*Exercise*: From the first line to the last, set down the material exactly and drop every picture.

*Available data*:

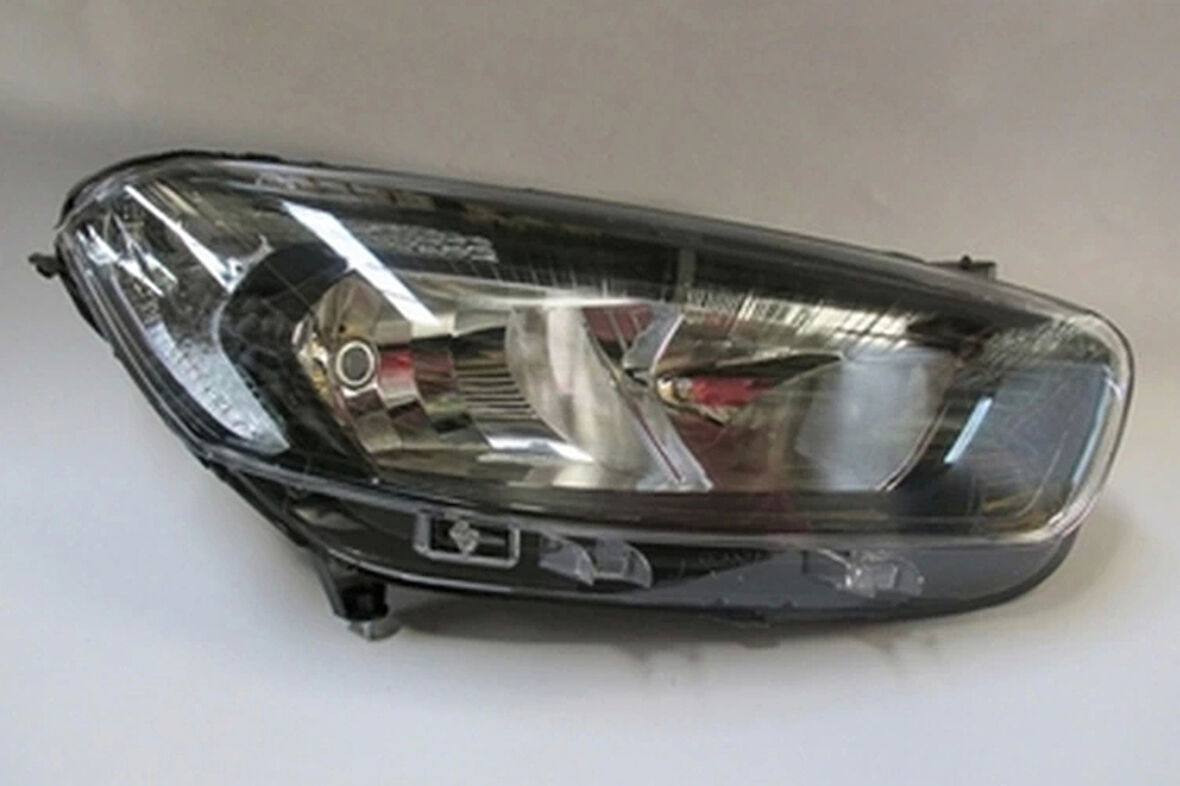 2014-2019 Ford Tourneo Courıer Far Lambası Sağ Elektrikli-Motorlu Siyah 9 Fişli (H7-H15)(Ayfar) (Adet) (Oem No:1856025)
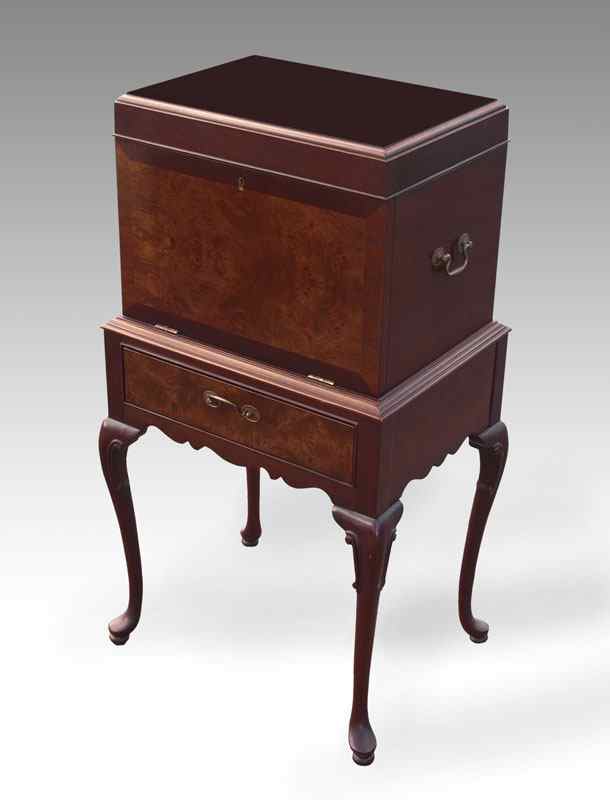 Appraisal: HICKORY FURNITURE MAHOGANY SILVER CHEST Hinged top lid with removable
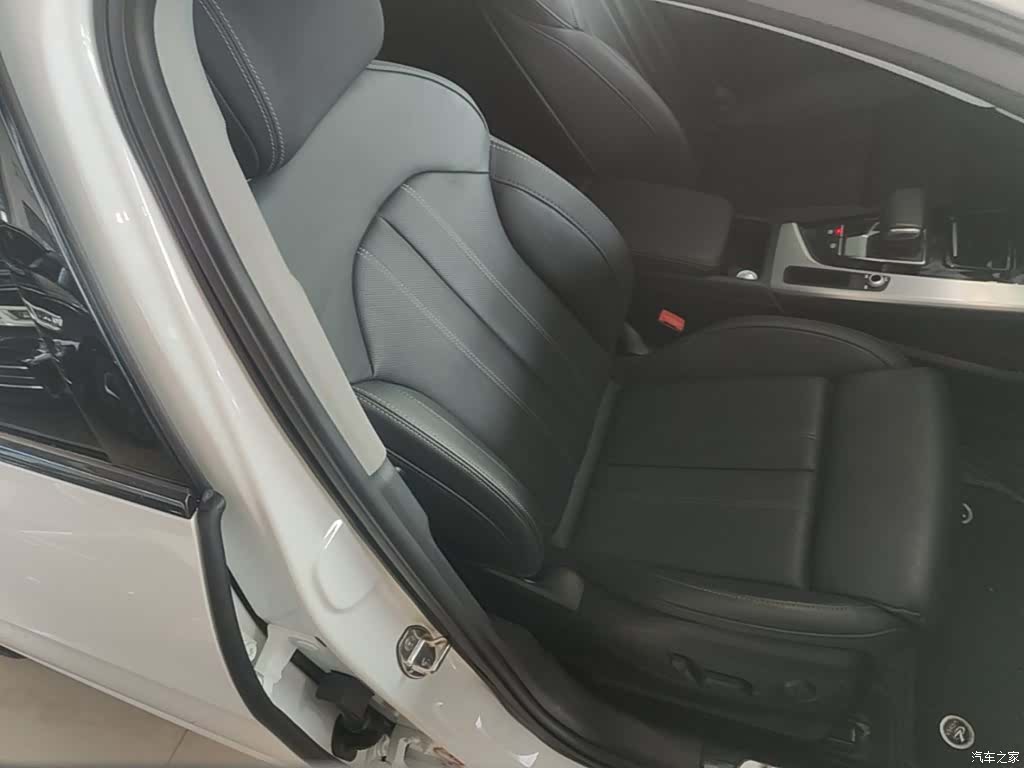 Audi A4L, 2022 25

*Exercise answer*:
 2014-2019 Ford Tourneo Courıer Far Lambası Sağ Elektrikli-Motorlu Siyah 9 Fişli (H7-H15)(Ayfar) (Adet) (Oem No:1856025)
 Appraisal: HICKORY FURNITURE MAHOGANY SILVER CHEST Hinged top lid with removable
 Audi A4L, 2022 25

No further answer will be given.